> WORK TASK: Below are lines of records; copy exactly those from the one containing "King Harvest - A" through the one containing "Краснов назвал проявлением", leaving the pictures behind.

> MATERIAL SHOWN:
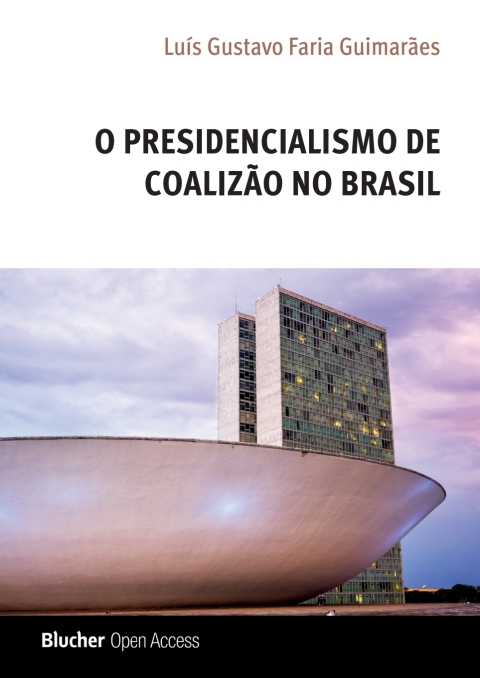 O presidencialismo de coalizão no Brasil
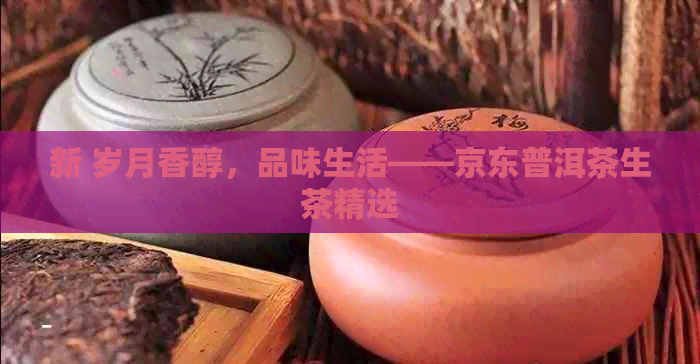 新 岁月香醇，品味生活——京东普洱茶生茶精选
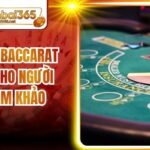 Luật Chơi Baccarat Từ A - Z Cho Người Mới Tham Khảo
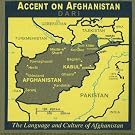 Accent on Afghanistan...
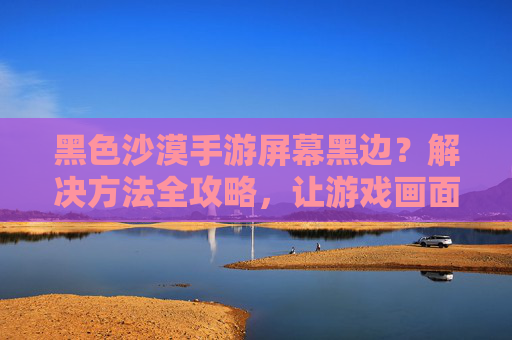 黑色沙漠手游屏幕黑边?解决方法全攻略,让游戏画面更清晰!黑色沙漠手游屏幕黑边?解决方法全攻略,让游戏画面更清晰!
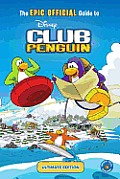 The Epic Official Guide to Club Penguin: Ultimate Edition (Disney Club Penguin)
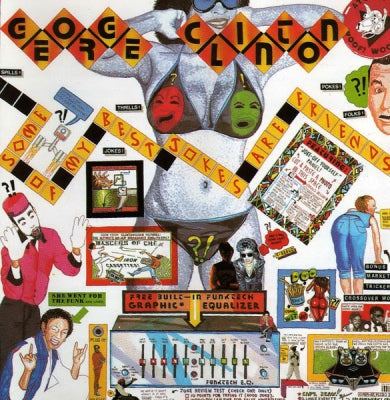 GEORGE CLINTON - Some Of My Best Jokes Are Friends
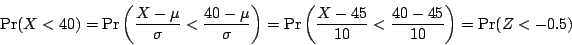 \begin{displaymath}
							\Pr (X<40)=\Pr \left( {\frac{X-\mu }{\sigma }<\frac{40-\mu }...
							...\left( {\frac{X-45}{10}<\frac{40-45}{10}} \right)=\Pr
							(Z<-0.5)
							\end{displaymath}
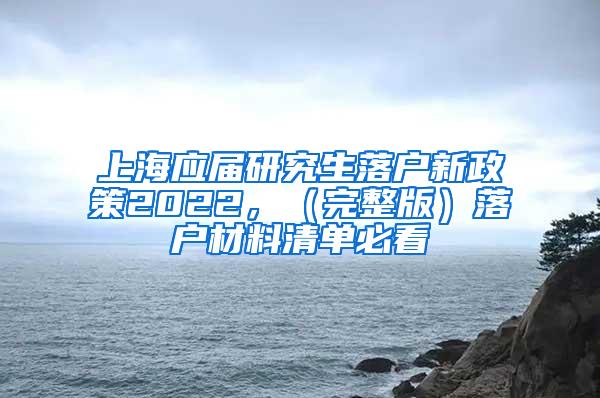 上海应届研究生落户新政策2022，（完整版）落户材料清单必看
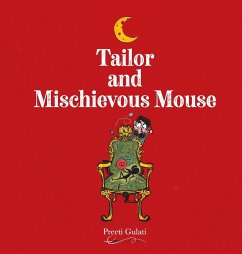 Tailor and Mischievous Mouse - Gulati, Preeti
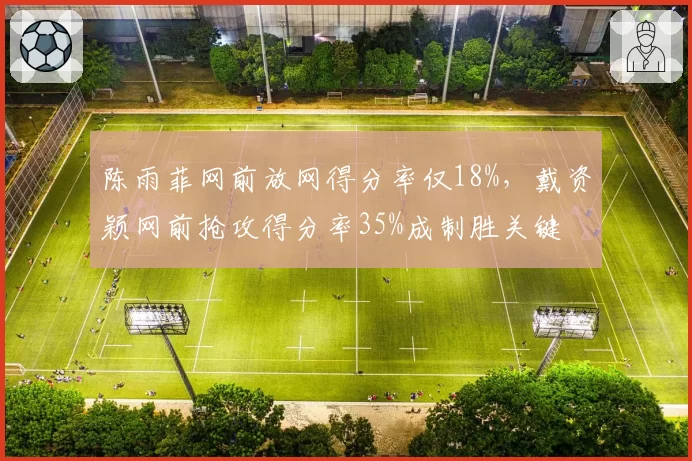 陈雨菲网前放网得分率仅18%，戴资颖网前抢攻得分率35%成制胜关键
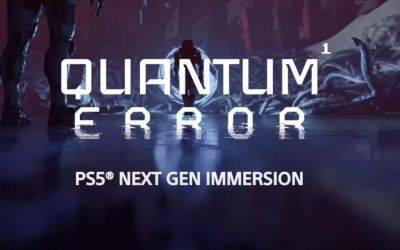 Quantum Error демонстрирует «погружение в мир нового поколения». Sony рекламирует игру для PS5 - gametech.ru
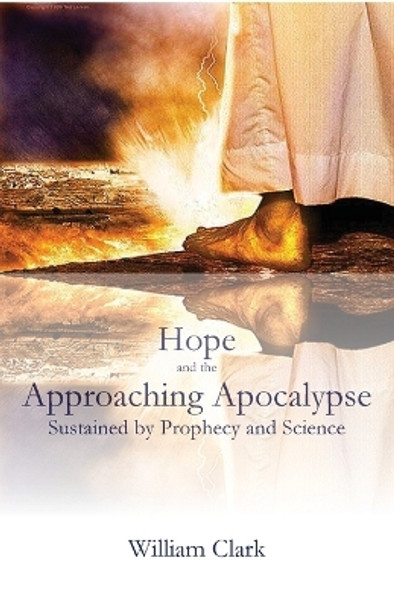 Hope and the Approaching Apocalypse by William Clark 9781088070826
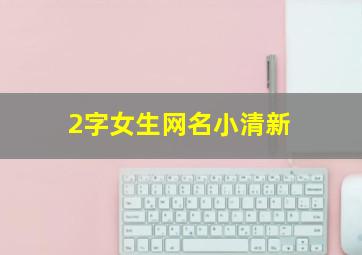 2字女生网名小清新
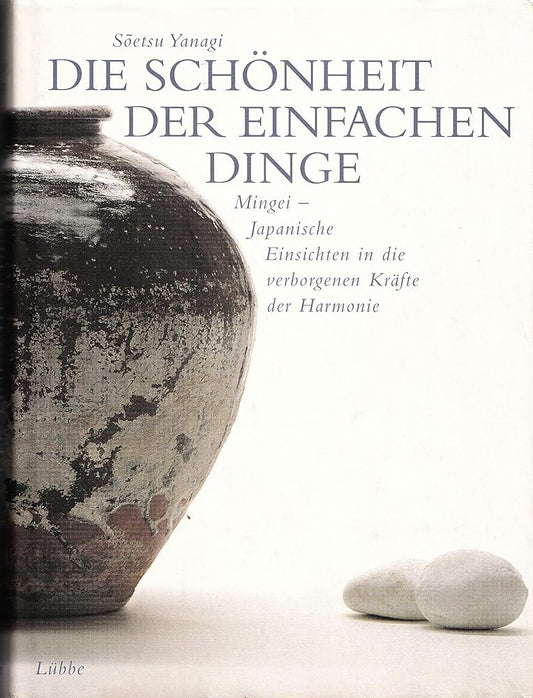 Die Schönheit der einfachen Dinge: Mingei - Japanische Einsichten in die verborgenen Kräfte der Harmonie cover image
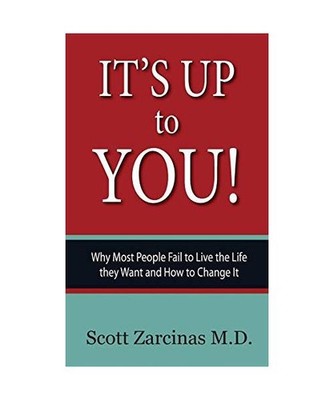 It's Up to You!: Why Most People Fail to Live the Life they Want and How to Chan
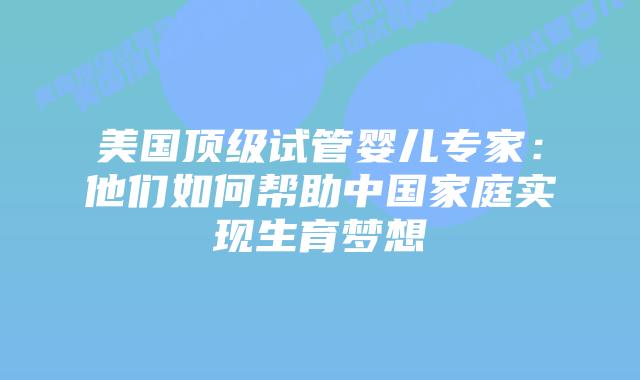 美国顶级试管婴儿专家：他们如何帮助中国家庭实现生育梦想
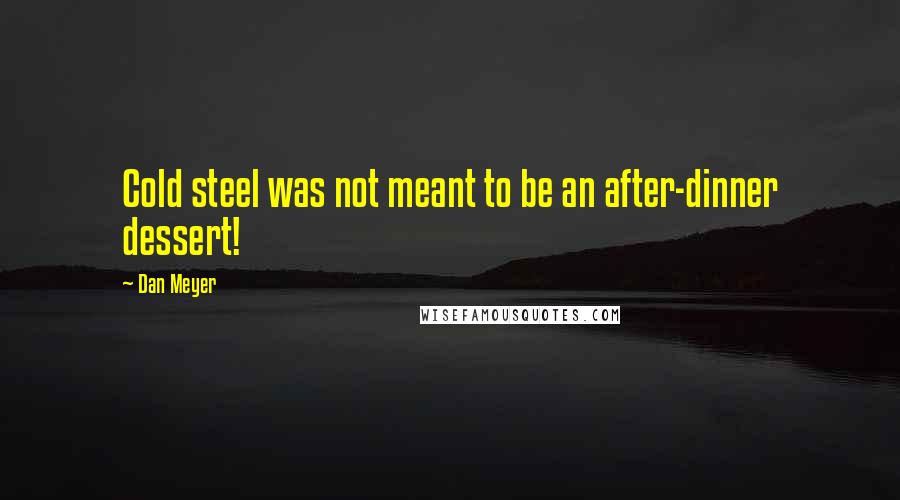 Dan Meyer Quotes: Cold steel was not meant to be an after-dinner dessert!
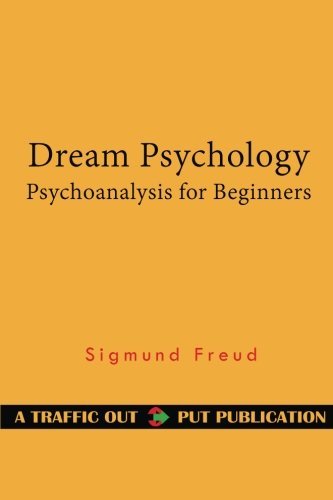 Dream Psychology: Psychoanalysis for Beginners
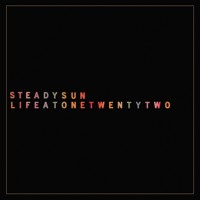 Steady Sun - Life At One Twenty Two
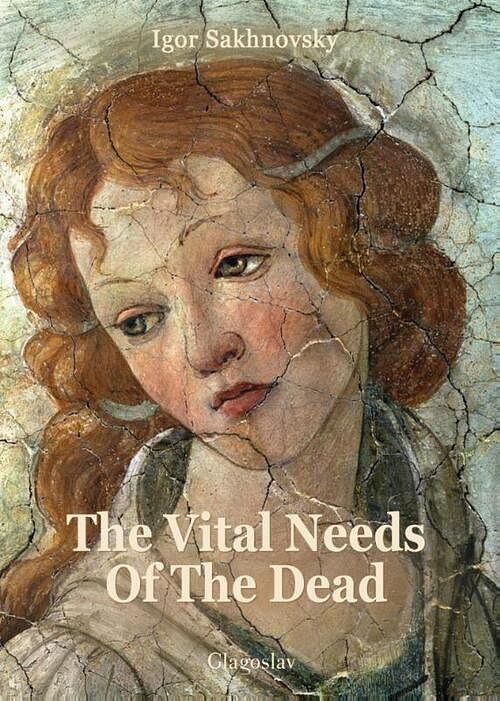 Foto van The vital needs of the dead - igor sakhnovsky - ebook (9789491425523)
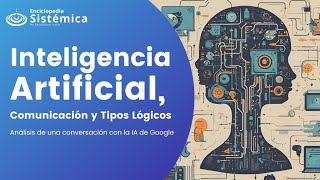 Inteligencia Artificial Pragmática de la Comunicación Humana y Tipos Lógicos [upl. by Ahsii982]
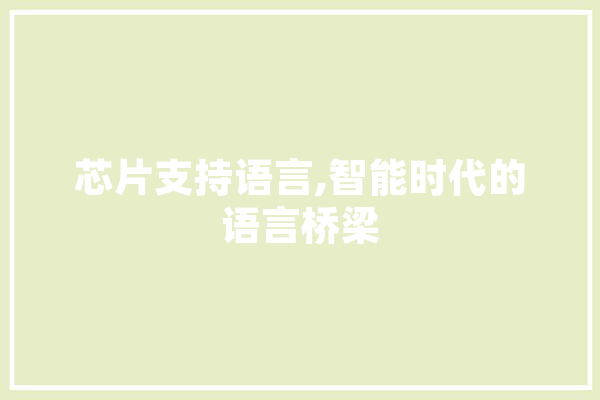 芯片支持语言,智能时代的语言桥梁
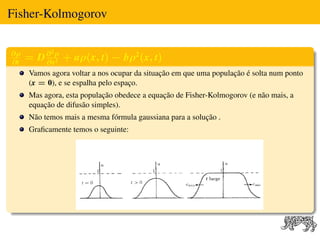 Fisher-Kolmogorov


∂ρ         2

∂t
     = D ∂ ρ + aρ(x, t) − bρ2 (x, t)
         ∂x2
     Vamos agora voltar a nos ocupar da situação em que uma população é solta num ponto
     (x = 0), e se espalha pelo espaço.
     Mas agora, esta população obedece a equação de Fisher-Kolmogorov (e não mais, a
     equação de difusão simples).
     Não temos mais a mesma fórmula gaussiana para a solução .
     Graﬁcamente temos o seguinte:
 
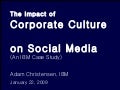 The impact of corporate culture on enterprise social media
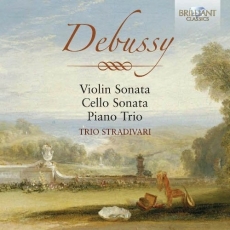 Debussy - Violin Sonata; Cello Sonata; Piano Trio - Trio Stradivari
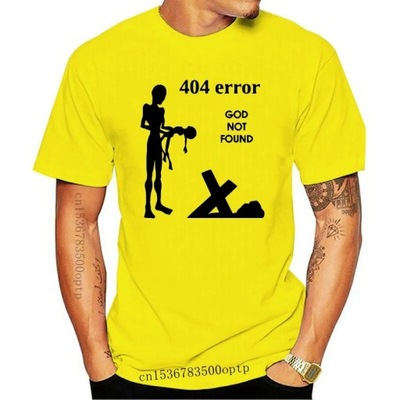 New GOD 404 NOT FOUND Atheism Religion Atheist cotton T-Shirt Koszulka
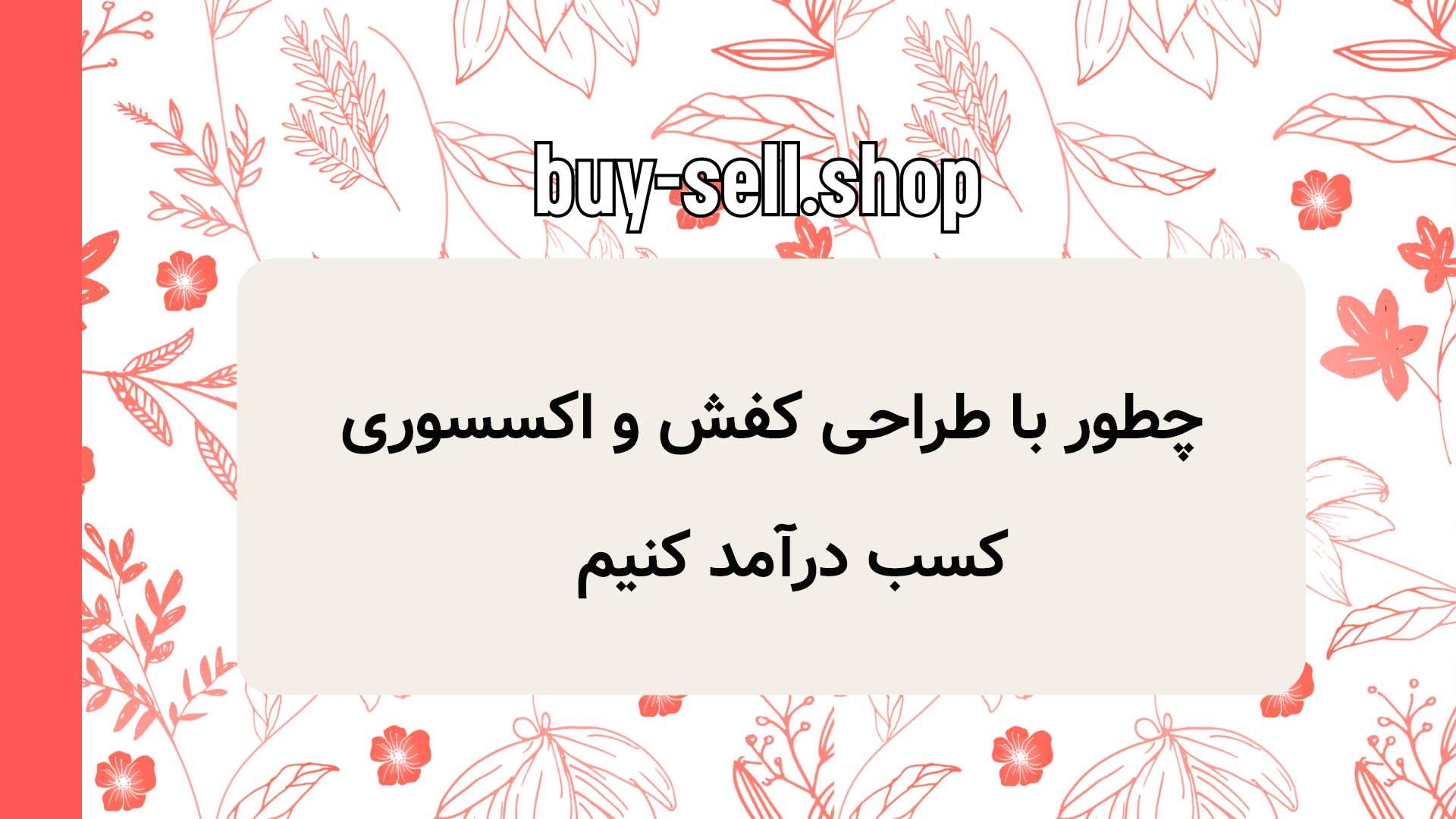 چطور با طراحی کفش و اکسسوری کسب درآمد کنیم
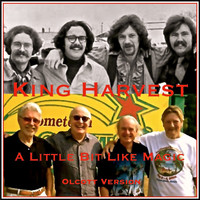 King Harvest - A Little Bit Like Magic (Olcott Version)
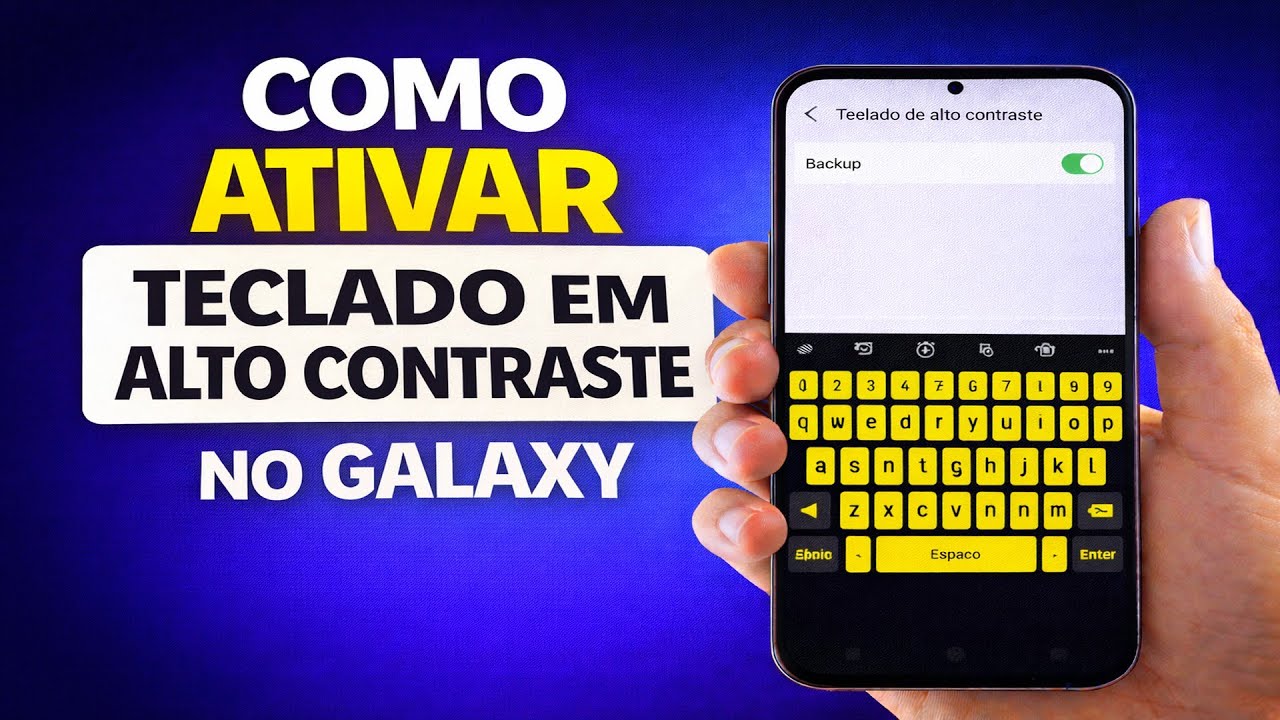 COMO ATIVAR TECLADO EM ALTO CONTRASTE NO GALAXY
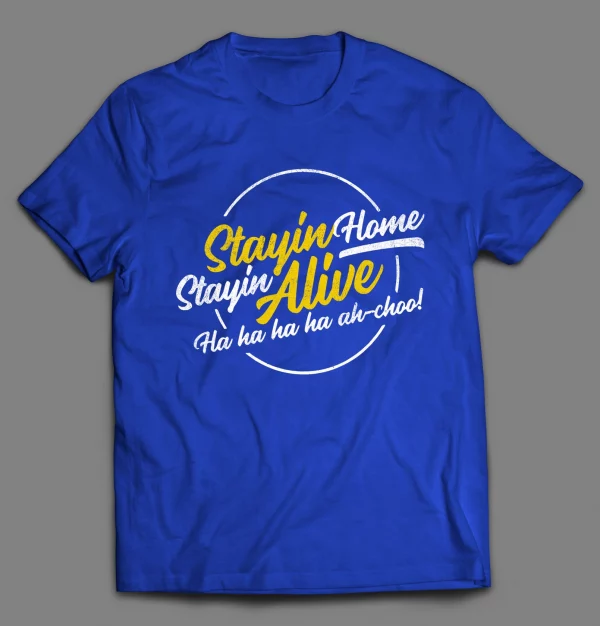 STAYIN' HOME STAYIN' ALIVE PANDEMIC SHIRT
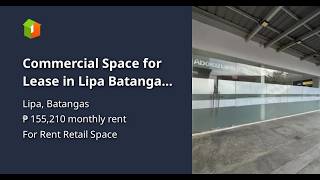 Commercial Space for Lease in Lipa Batangas: 182 SQM Ground Floor Retail Space
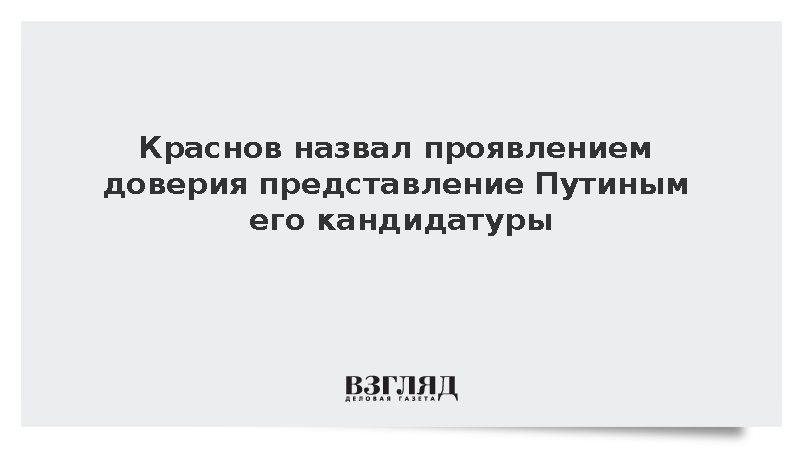 Краснов назвал проявлением доверия представление Путиным его кандидатуры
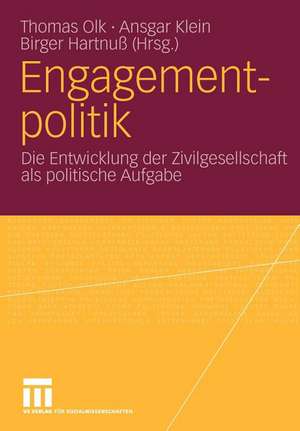 Engagementpolitik: Die Entwicklung der Zivilgesellschaft als politische Aufgabe de Thomas Olk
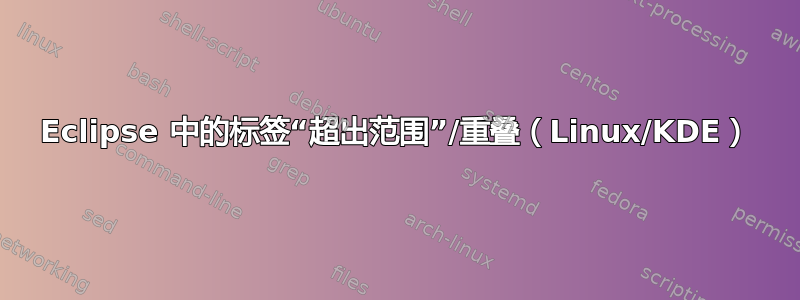 Eclipse 中的标签“超出范围”/重叠（Linux/KDE）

> EXPECTED ANSWER:
 King Harvest - A Little Bit Like Magic (Olcott Version)
 COMO ATIVAR TECLADO EM ALTO CONTRASTE NO GALAXY
 STAYIN' HOME STAYIN' ALIVE PANDEMIC SHIRT
 Commercial Space for Lease in Lipa Batangas: 182 SQM Ground Floor Retail Space
 Краснов назвал проявлением доверия представление Путиным его кандидатуры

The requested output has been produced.